In further comments this afternoon, it sounds as though prosecutors are making a complex case involving a series of interlocking and negligent acts. McDonald implies that James Crumbley bought the pistol as a straw purchase for his son, but is it illegal for a parent to purchase a firearm for a minor son or daughter to use? Not to my knowledge, but there is more to this case than that, and the meeting McDonald describes does sound like a pretty big red flag, too:
Prosecutor alleges parents of Oxford High School shooting suspect left gun unlocked and failed to take action on reports of disturbing behavior at school. The mother allegedly wrote in a text to him after one report: "lol I'm not mad at you, you have to learn not to get caught" pic.twitter.com/BiR9VTu1U7
— CBS News (@CBSNews) December 3, 2021
Oakland County Prosecutor Karen D. McDonald said that her office is bringing charges against the parents of Ethan Crumbley, the 15-year-old accused of shooting several people at Oxford High School, to hold people accountable and prevent other events from happening in the future.
While the shooter was the one who entered the school and pulled the trigger, “there are other individuals who contributed to this,” McDonald said at a news conference on Friday.
“It’s my intention to hold them accountable,” she said.

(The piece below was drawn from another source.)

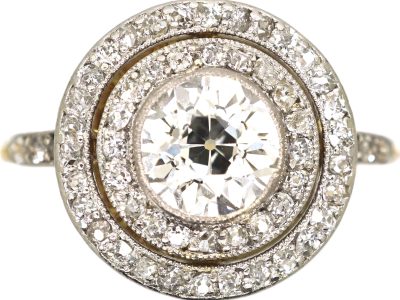 Early 20th Century 18ct Gold & Platinum Diamond Target Ring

The most interesting and intriguing aspect of Brown’s statement is the revelation of the mother’s text to Ethan: “Don’t do it.” That certainly sounds as though the mother had some inclination that Ethan was going to do something bad. If she didn’t warn the school at that point, a jury may well be inclined to see that as the kind of negligence that would support the charges.
McDonald also tried to distance herself from the politics around gun ownership:
Oakland County Prosecutor Karen McDonald: "I am not here to say that people shouldn't own guns…It's your responsibility, it's your duty, to make sure that you don't give access to this deadly weapon to somebody that you have reason to believe is going to harm someone." pic.twitter.com/EHEVwOCmli
— CBS News (@CBSNews) December 3, 2021
It’s going to be a tough case to make, the New York Times adds in its coverage. Michigan doesn’t require firearms to remain secured inside a house, which would contradict the “duty” argument McDonald makes here:
Although many underage school shooters arm themselves with guns from home, the adults responsible for the weapons are rarely charged, experts say.

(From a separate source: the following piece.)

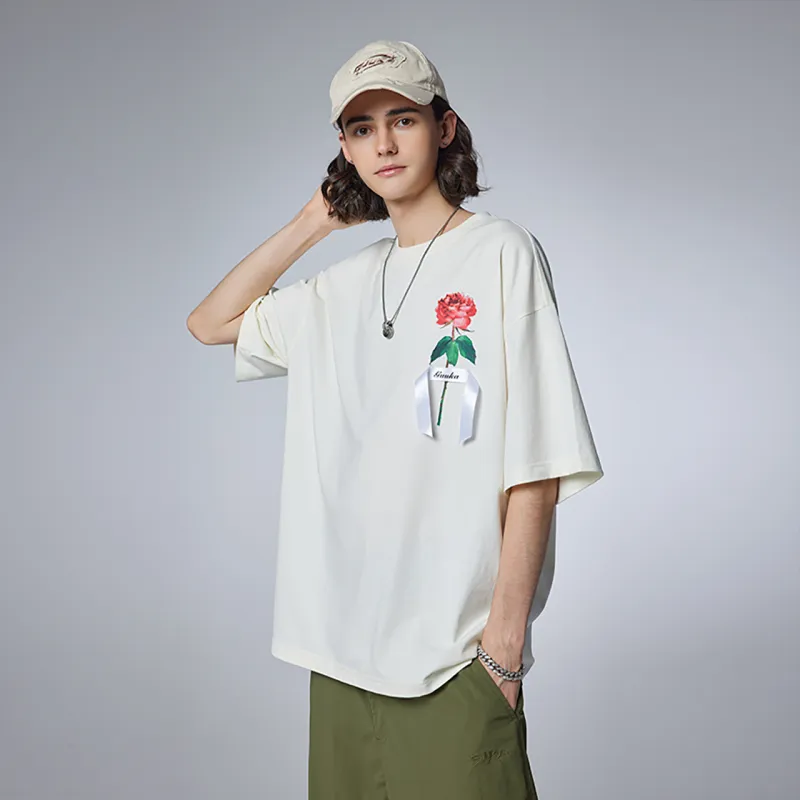 Guuka Short Sleeved T Shirts Unisex Cream White-8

Many states, including Michigan, do not have laws requiring guns to be locked away, and experts say prosecuting a gunman’s family members in the raw aftermath of a mass shooting can raise divisive questions pitting Second Amendment rights against gun safety.
At the moment, we don’t have enough of the evidence or testimony to see whether McDonald can sustain these charges at trial. At least from her presentation, there seems to be at least some reasonable suspicion of criminal negligence in this case. Until we hear from the defense and see the totality of circumstances, we should reserve judgment, but it will be difficult for a jury to not assign some responsibility to the parents for the horrific acts committed by their 15-year-old.

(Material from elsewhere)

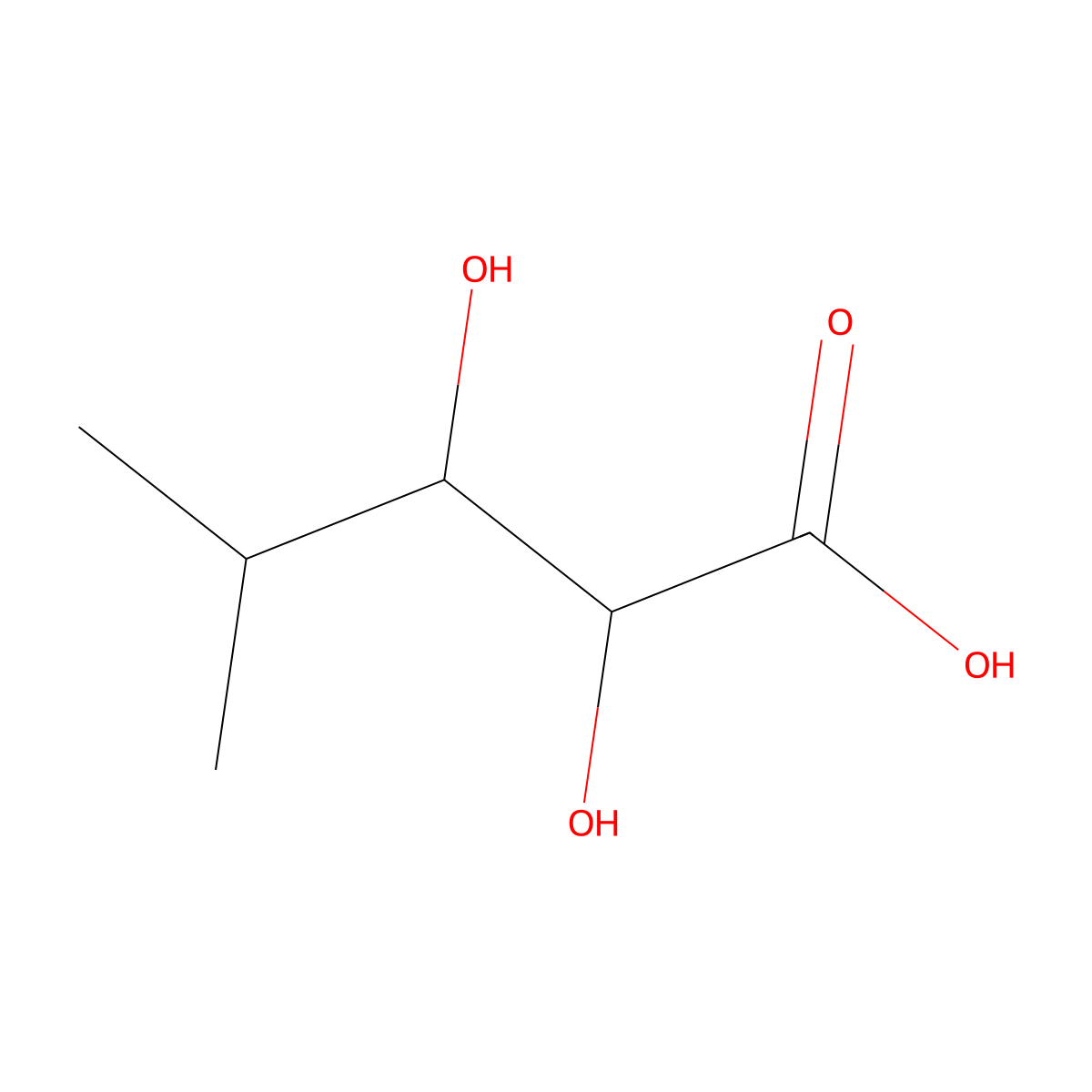 2,3-Dihydroxy-4-methylpentanoic acid molecular structure, CAS 1314916-63-6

Update: To quote the film Apollo 13 … “Did we miss a step here?”
“So the Crumbleys are missing now?”
— Acyn (@Acyn) December 3, 2021
The Oakland County Fugitive Apprehension Team is searching Friday for the parents of an Oxford High teenager charged in Tuesday’s school shooting after the couple stopped responding to their attorney, according to authorities. …
“Their attorney had assured us that if a decision was made to charge them, she would produce them for arrest,” Oakland County Undersheriff Mike McCabe said Friday.
That agreement with attorney Shannon Smith was sometime in the morning, McCabe said around 2 p.m. Friday.
“Our last conversation with the attorney was that she had been trying to reach them by phone and text, and they were not responding,” he said.
Shouldn’t they have arrested the couple before holding a press conference to announce the charges? Treating the presser as if it were more important than securing the indicted doesn’t exactly leave a great impression of the prosecutors’ priorities in this case.